Before diving deep into technical waters, Wolf brought me up-to-date on some organizational changes within the Fraunhofer IZM’s 3D program that up until now, was an activity between Berlin and Munich. He said due to some upper management changes, Fraunhofer IZM-ASSID as part of Fraunhofer IZM is operating out of its Dresden location, which was previously a Quimonda facility and all activities are aligned within Fraunhofer´s network in Saxony and Germany.
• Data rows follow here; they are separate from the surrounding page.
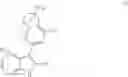 Fig. 20 - Inhibitors of influenza virus replication, application methods and uses thereof
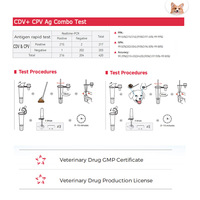 Snelle antigeentestkit voor infectiescreening in dierenopvangcentra: hondendemper, parvovirus (CDV, CPV Ag)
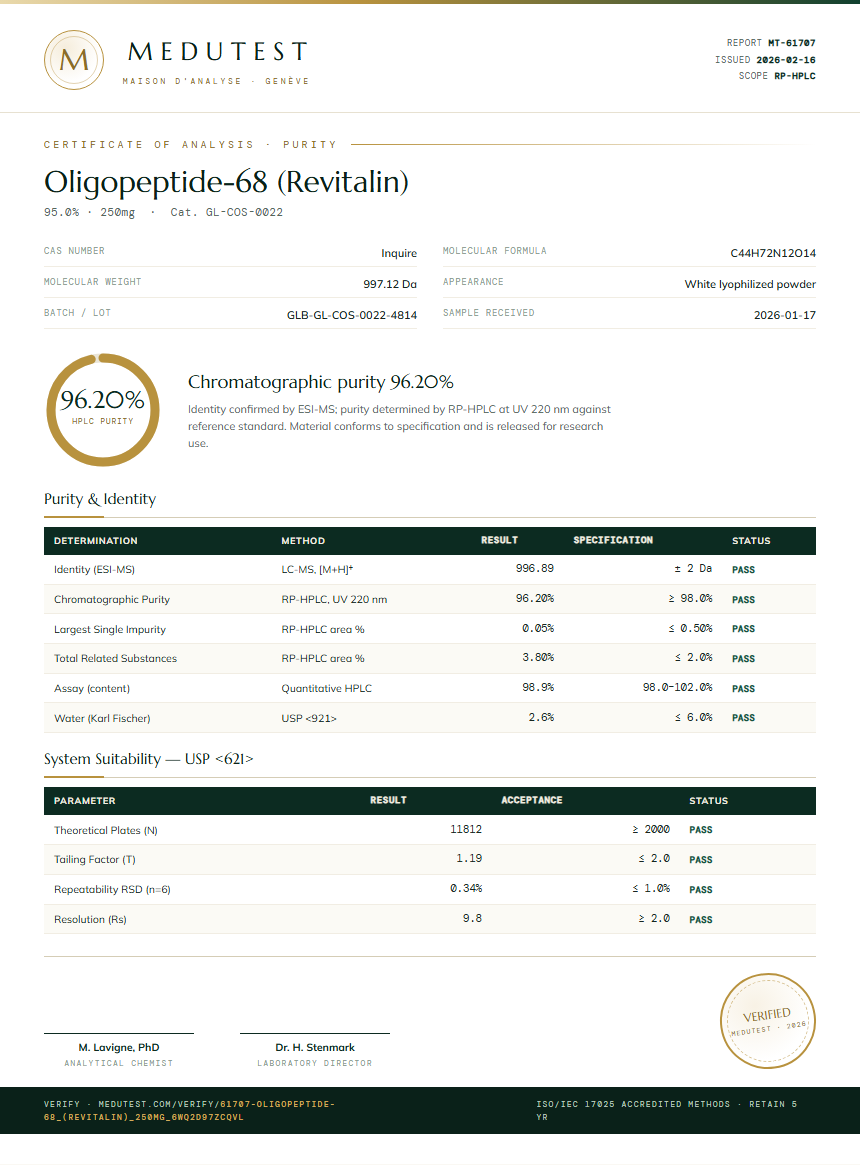 Oligopeptide-68 (Revitalin) Purity (HPLC) report by Medutest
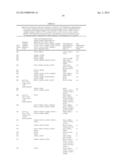 BETA-GLUCOSIDASE VARIANT ENZYMES AND RELATED POLYNUCLEOTIDES diagram and image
Wolf’s team has been busy converting from 2D to 3D processes, and 200mm to 300mm equipment. He’s now happy to report that the grand opening has taken place and their process setup started with 300mm TSV formation equipment – sputter, etch, CVD, lithography, ECD, and wet etch among them. Thinning, backside processing, and various assembly processes will take place in a different spot, but work is underway there as well to outfit the 1000m2 cleanroom. The partnerships with EVG, SPTS, AMAT and other equipment and material supplier are part of that.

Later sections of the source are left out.